This is a cool example of how to Extract Data Based on the Previous Row, which came up as a viewer's question inside our Power Query Academy. Let's look at how we solved it…
What Kind of Data Needs This Treatment?
Here's a picture of the user's raw data after a little bit of cleanup:
So What's the Problem?
The challenge here is all about the two data points highlighted as A and B. They are categories, and need to be extracted from this data… but how? There is no common pattern between rows that we can look at to say "this is a category, but this is not."
But there is data on the row above. Everywhere there is a "------" in the Quotes column, the next row has our Category in the Source column:
But how do we get at it? Power Query doesn't have any easy-to-use facility to refer to the prior row, so what do we do?
How to Extract Data Based on the Previous Row
There are actually a couple of ways to do this. One is to write a formula that refers to the previous row, the other is to do this via a creative use of merging tables. The previous row method is covered in M is For Data Monkey (page 185), so this time I'm going to focus on the latter.

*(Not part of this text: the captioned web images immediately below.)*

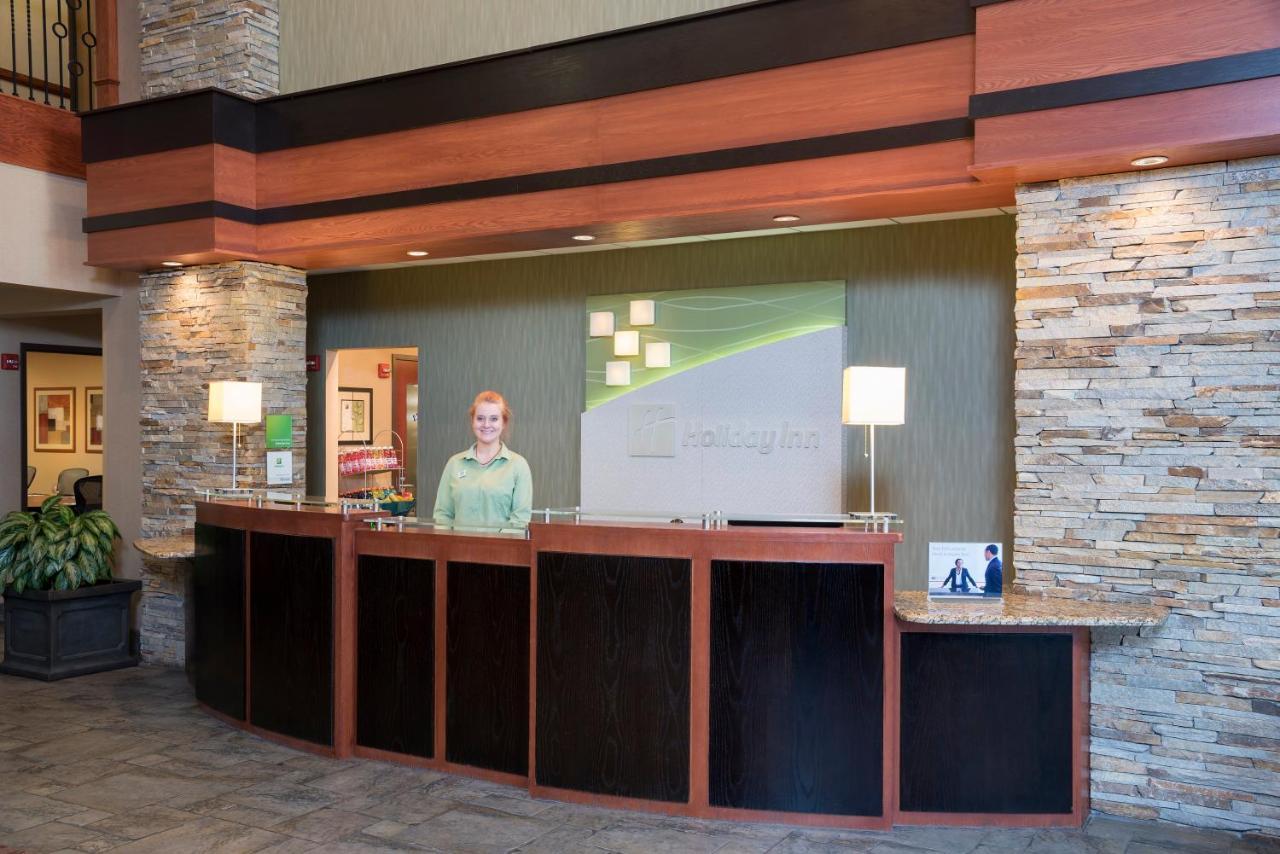 Holiday Inn Midland By Ihg Dış mekan fotoğraf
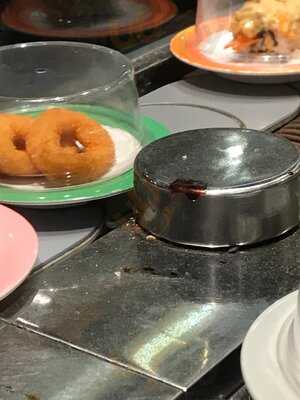 Hero Sushi - Canberra Centre (train)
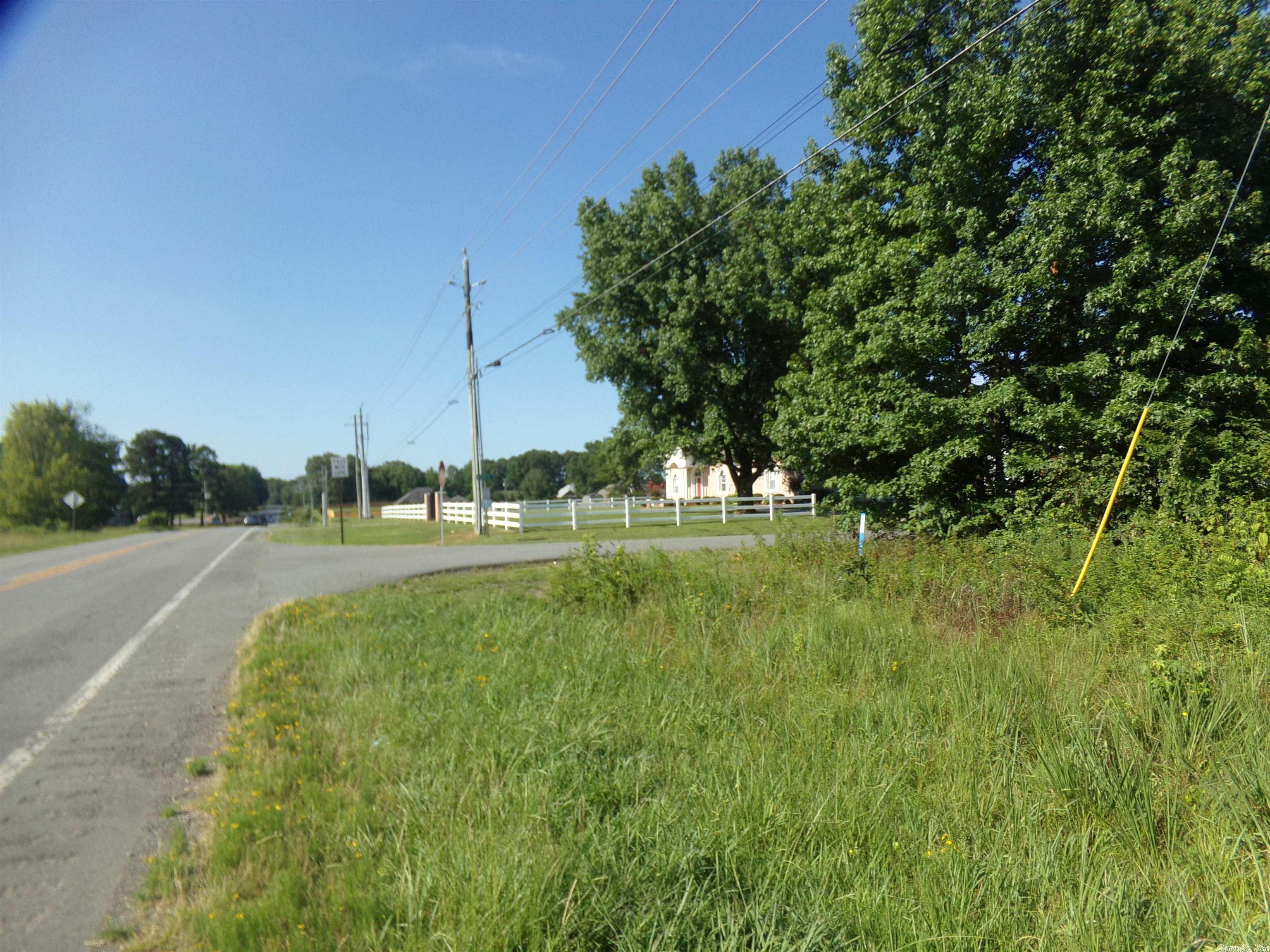 Not in Subdivision - Land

Extract Data Based on the Previous Row - Setup
The first thing I did here is add two new columns to the data table above: an Index column starting from 0 and another Index column starting from 1. To do this:
- Go to Add Column --> Index Column --> From 0
- Go to Add Column --> Index Column --> From 1
Pretty easy, and gives you this:
And at that point we call it a day and create this as a connection only query. Here's what I did there:
- Named the query: "Prelim" (but you can call it anything)
- Went to Home --> Close & Load To… --> Only Create Connection
This gives me a query that I can call again when needed, without loading it to a worksheet or the Data Model.
Extract Data Based on the Previous Row - Completion
Next, I created a new query by right clicking the Prelim query in the Query Pane and choosing Merge.
I then did something really weird… I chose to Merge the query against itself… yes, seriously. (I've always told people that it seems weird you can do this, but one day you'll need to… and today is the day!)
I configured the Join as follows:
- Use the Prelim query for both the top and bottom tables
- Chose to use the Index column on the top as the join key
- Chose Index.1 on the bottom
Then, once in the Power Query editor, I expanded just the Quotes column (without the column prefix), and removed the Index and Index.1 columns. This left me in a pretty good place:
With a pattern to exploit, this is now a simple matter of:
- Creating a Conditional Column (Add Column --> Conditional Column) called "Category" with the following logic:
- if [Quotes.1] = "-------" then [Source] else null
- Right click the Category column --> Fill Up
- Filter the [Quotes.1] column to remove all "------" values
- Remove the [Quotes.1] column
- Filter the [Quotes] column to remove all null and "------" values
And honestly, that's pretty much it. To be fair, I also reordered the column and set the data types before the picture below was taken, but you get the idea. At the end of the day, the data is totally useable for a PivotTable now!